Because we want our children to enjoy the books they read, it is our responsibility to find these books they will love and be interested in. Reading reviews, going on forums or finding groups where families share (some of) our languages is a way find these precious books.
Through their friends, our children might already know some books they (would) love in the school language. We can see if they are translated into our home languages.
If we read WITH/TO our child, they are likely to love reading them, no matter the language, as we will be helping them access this story they are impatient to dive into. It might not be as easy if we give them the book(s) to read on their own, as they will certainly prefer one in the language they can read more fluently in and/or have a wider range of vocabulary.
Generally speaking, books in the community language are more widely available. It is therefore a good idea to take advantage of them for the reasons mentioned above. A quick trip to the local library is an easy way to fulfil your child’s interests and curiosity, that you can leverage to develop their love for reading as well as their vocabulary in their school and home languages.
How can I encourage my child to read books in my language on their own?
One reason we probably want our children to read in our language is to expose them to it so they can expand their vocabulary (and have fun through our languages). When our children become more independent readers, they might prefer reading in their school language as it demands less effort from them. So here are a few things we have implemented in our household to do that.
1) Making access to books EASIER in our home languages:
We have subscribed to children’s magazines in our languages. So they come every month by mail. Not having to spend time searching for new things to read has been extremely helpful. (I would like to add that we also have English subscriptions (school language) for magazines that were better in that language. This is, as mentioned before, to allow our sons to access a variety of material using all their languages.)
Although we have books in English too, the majority of our sons’ bookshelves are filled with French and Korean books (our home languages). They, therefore have more choice of books in our home languages.
2) Finding books they LOVE in our languages:
New books and series that only exist in our languages are great. It gives our sons the impression that they are lucky to be able to understand stories their friends can’t have access to because they cannot read the language.
3) Giving our sons the CHOICE - Pocket money:
Six or seven months ago, we have started giving our children some pocket money for chores. They can spend it as they want. And when it comes to books, we tell them that if there are books in French or Korean, we buy them. But if there are in English, they need to pay for them. There are two ACTUAL reasons for that, that we explained to our sons:
They know that it is important for us that they can read and write in our languages. These books are going to help them develop their reading skills (in an enjoyable way). So we are happy to buy them.
English books are freely available at the library, so we do not see this as necessary spending.
Therefore, if a book exists in English and French for example, they can CHOOSE to get one or the other.

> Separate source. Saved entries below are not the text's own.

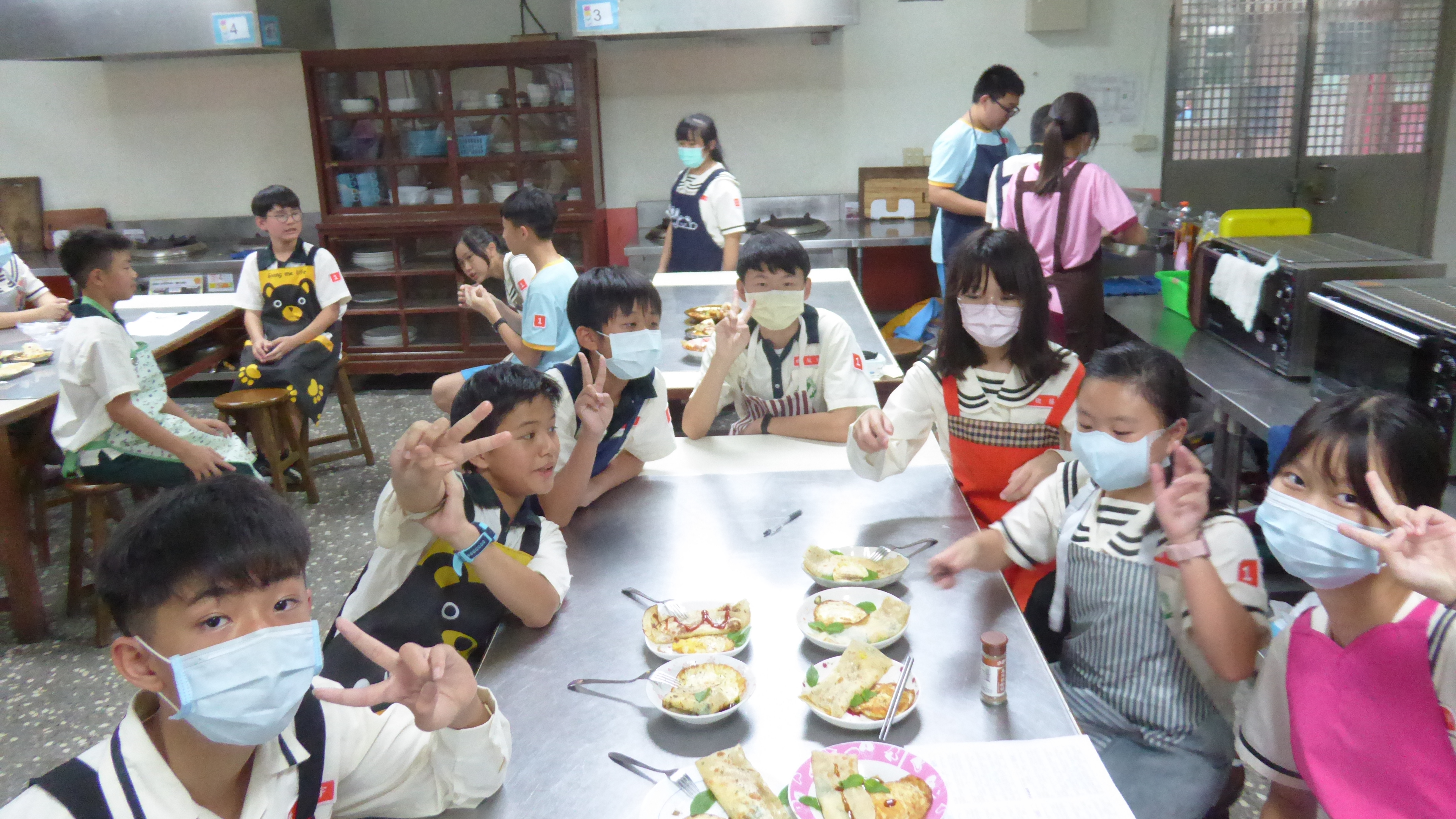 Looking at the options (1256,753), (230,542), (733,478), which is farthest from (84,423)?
(1256,753)

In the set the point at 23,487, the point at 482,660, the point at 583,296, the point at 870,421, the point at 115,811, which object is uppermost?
the point at 583,296

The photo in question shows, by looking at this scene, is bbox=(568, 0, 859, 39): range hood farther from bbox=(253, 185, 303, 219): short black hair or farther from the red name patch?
the red name patch

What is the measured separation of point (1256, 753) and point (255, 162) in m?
6.17

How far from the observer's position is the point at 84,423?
3113mm

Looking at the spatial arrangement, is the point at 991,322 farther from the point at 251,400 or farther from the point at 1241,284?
the point at 251,400

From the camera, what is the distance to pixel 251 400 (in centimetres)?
392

Generally speaking, they prefer us paying for them and getting a toy with their pocket money.
Reading a book with our children is creating a particular context that allows us to switch the language we generally use, without impacting on the model we follow to raise them with more than one language.
Reading books in the school language can help us introduce new words and expressions in our children’s vocabulary in their home language(s) too.
In order to encourage our children to read in our home language as well as in their school language, it is important to present their language skills as tools to access more books and fun.